In 1860, the first two official photographs of the MSSC were to be taken. After the first of all the members (which did not come out well), a second was to be taken of just the officers: "This was a signal failure, the presence of an animated background proving too much for the dignity of the officers, who after several attempts at a suitable state of solemnity, gave up all idea of a picture, much to the delight of background brilliants". The old military camaraderie that had surrounded the MSSC since its origins remained, and prior to the Confederation of Canada in 1867, 'Evergreen' Hughes gave a speech linking the snowshoers' "bodily superiority" to the success of the "future Kingdom of Canada".

From this institution other clubs quickly sprang up, notably the two most famous French Canadian clubs in Montreal: The Canadien de Montréal (founded in 1878) and the Trappeur de Montréal. By 1885, there were twenty five snowshoe clubs in Montreal alone, which led to the creation of the Union Canadienne des Raquetteurs (the Canadian Snowshoers' Union), who held their first convention at Quebec City in 1907.
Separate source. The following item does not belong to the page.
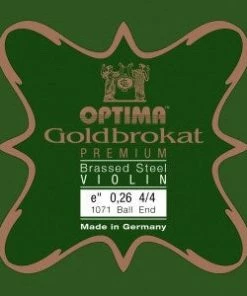 Optima Strings Goldbrokat Premium Brassed Violin E String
Since 1997, the Tuques Bleues Celebration has been organized by Les Amis de la Montagne (a charity that works to protect and preserve Mount Royal Park), re-introducing snowshoe tramps by traditional torchlight up the mountain.

==Early members==
In 1882, Hugh Becket, the MSSC's historian, recalled twelve of the earliest names associated with the club from 1840: The Hon. Edward Ermatinger (the club's first president in all but name in 1843); Colonel Édouard Juchereau du Chesnay; Nicholas Hughes Burroughs; The Hon. Charles-Joseph Coursol; Frederick Matthews; Romeo Harrison Stephens (brother of the elder George Washington Stephens); Sir George Conway Colthurst 5th Bt.; and, The Hon. Edward Goff Penny. He mentions also Mr Lamontagne, Mr Lamothe, Mr Harris and one Frank Brown.